### MATERIAL SUPPLIED
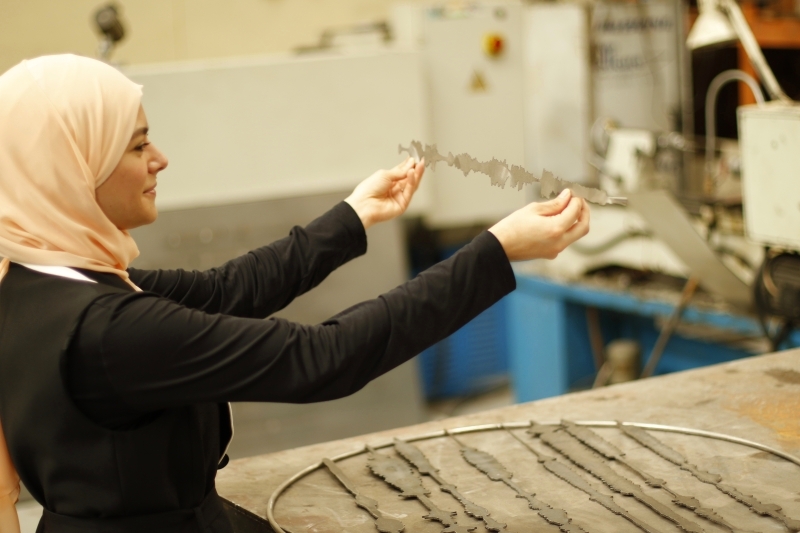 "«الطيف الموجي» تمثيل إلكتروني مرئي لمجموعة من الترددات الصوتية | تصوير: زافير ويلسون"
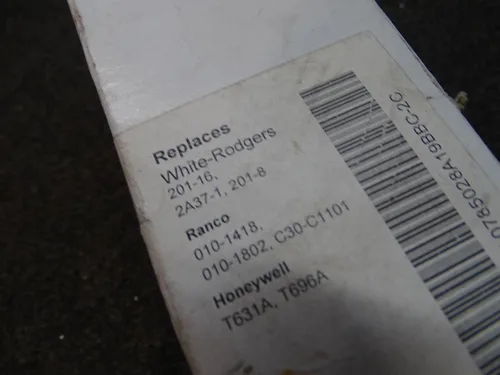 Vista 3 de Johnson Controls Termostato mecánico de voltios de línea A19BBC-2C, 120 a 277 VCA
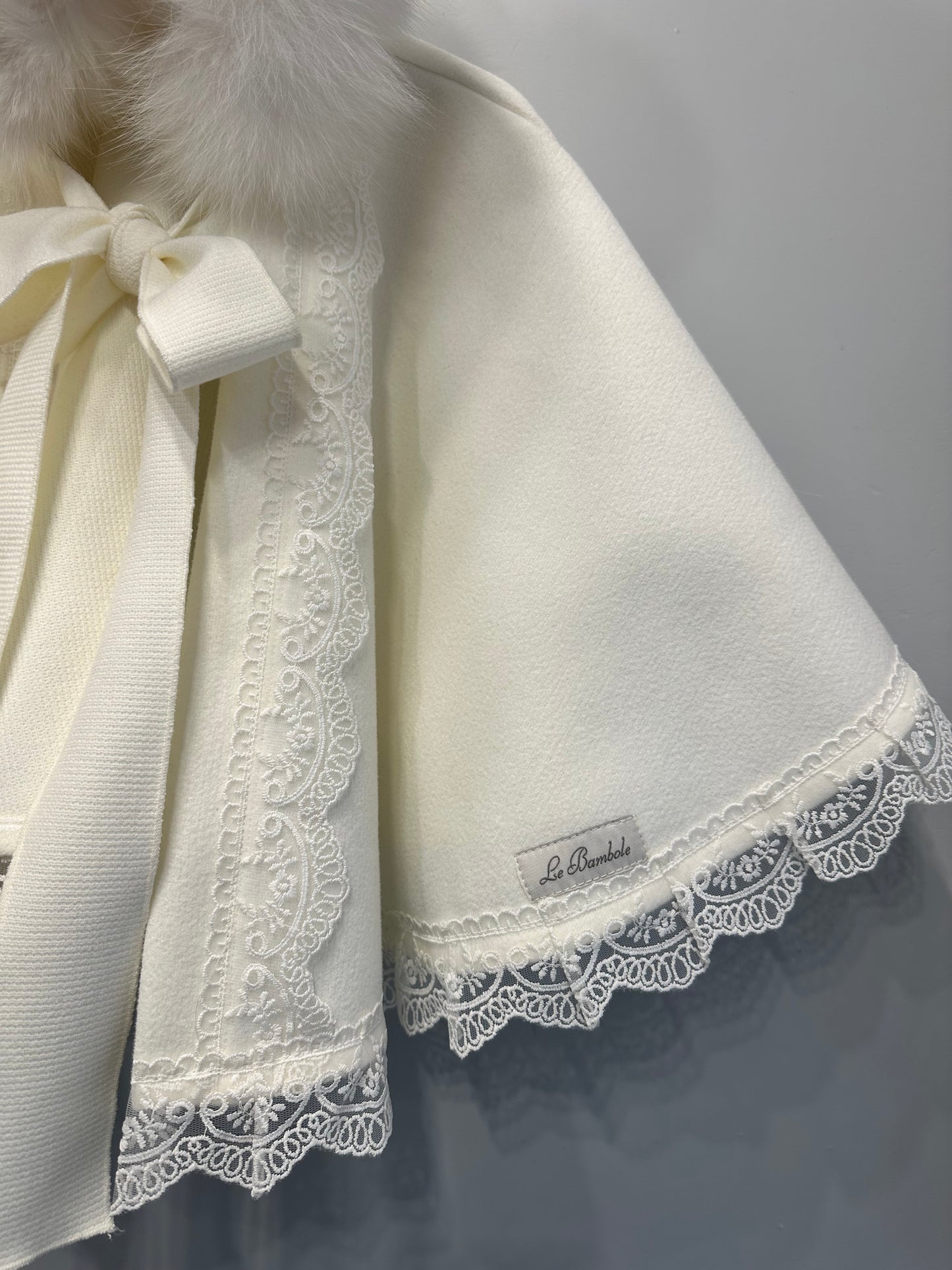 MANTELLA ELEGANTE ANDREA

--

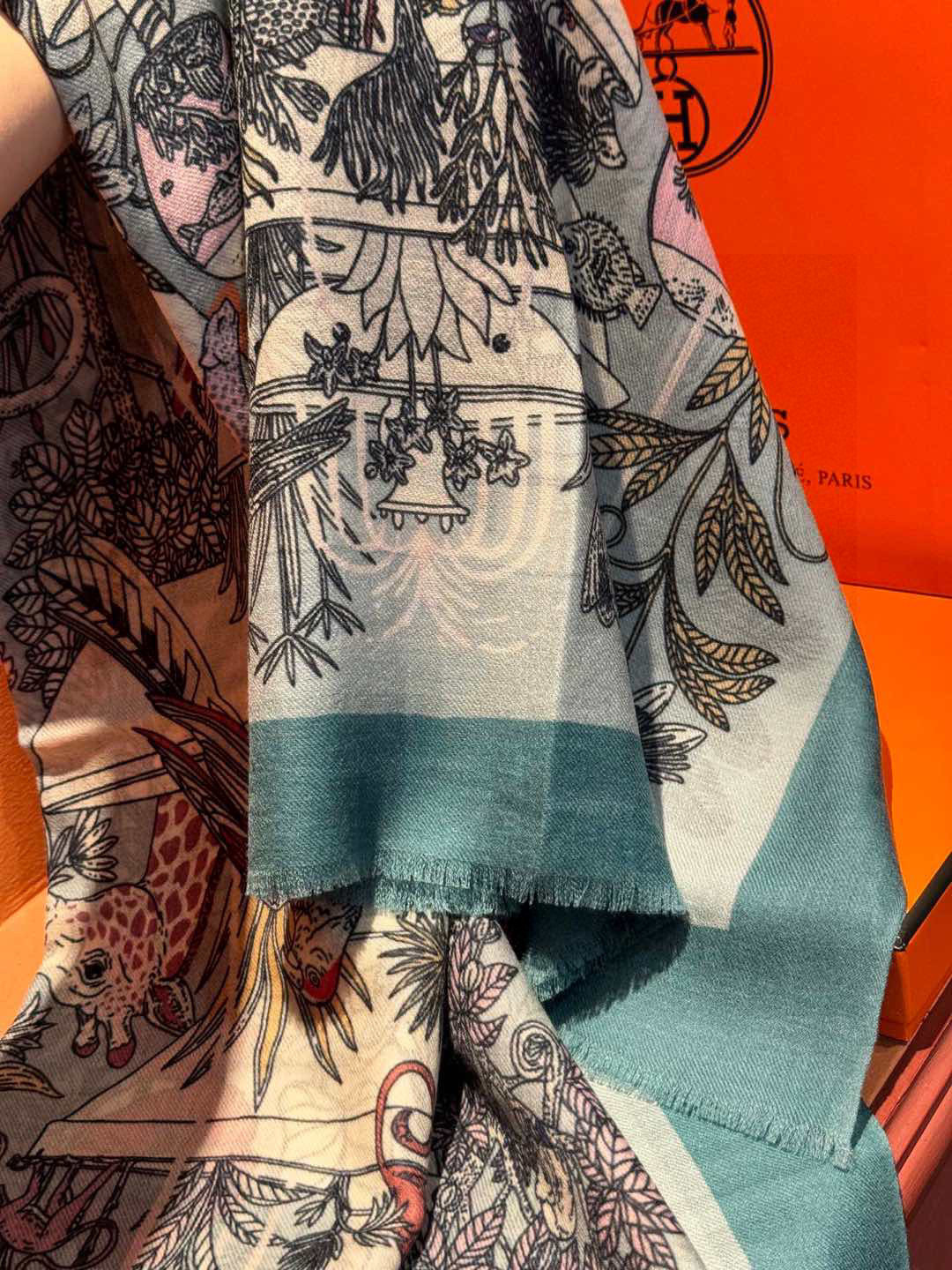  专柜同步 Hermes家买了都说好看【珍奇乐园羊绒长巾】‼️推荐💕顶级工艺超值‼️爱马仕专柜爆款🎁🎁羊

* * *

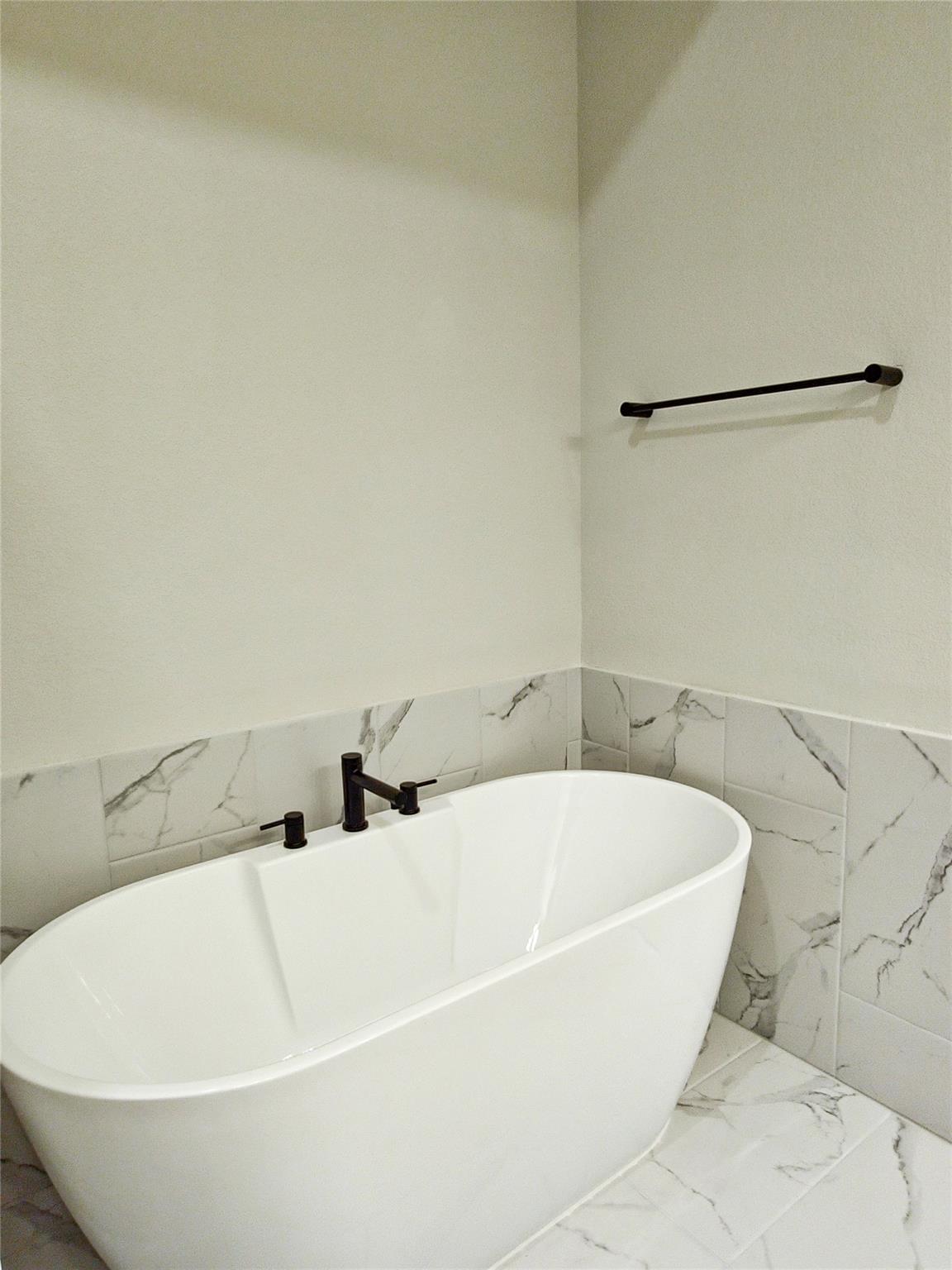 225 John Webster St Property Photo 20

### EXERCISE OBJECTIVE
Once the line with "تمثيل إلكتروني مرئي" has been found above, output that line and every later line exactly, stopping after the line with "MANTELLA ELEGANTE ANDREA", and omit the pictures.

### ANSWER SPACE
 "«الطيف الموجي» تمثيل إلكتروني مرئي لمجموعة من الترددات الصوتية | تصوير: زافير ويلسون"
 Vista 3 de Johnson Controls Termostato mecánico de voltios de línea A19BBC-2C, 120 a 277 VCA
 MANTELLA ELEGANTE ANDREA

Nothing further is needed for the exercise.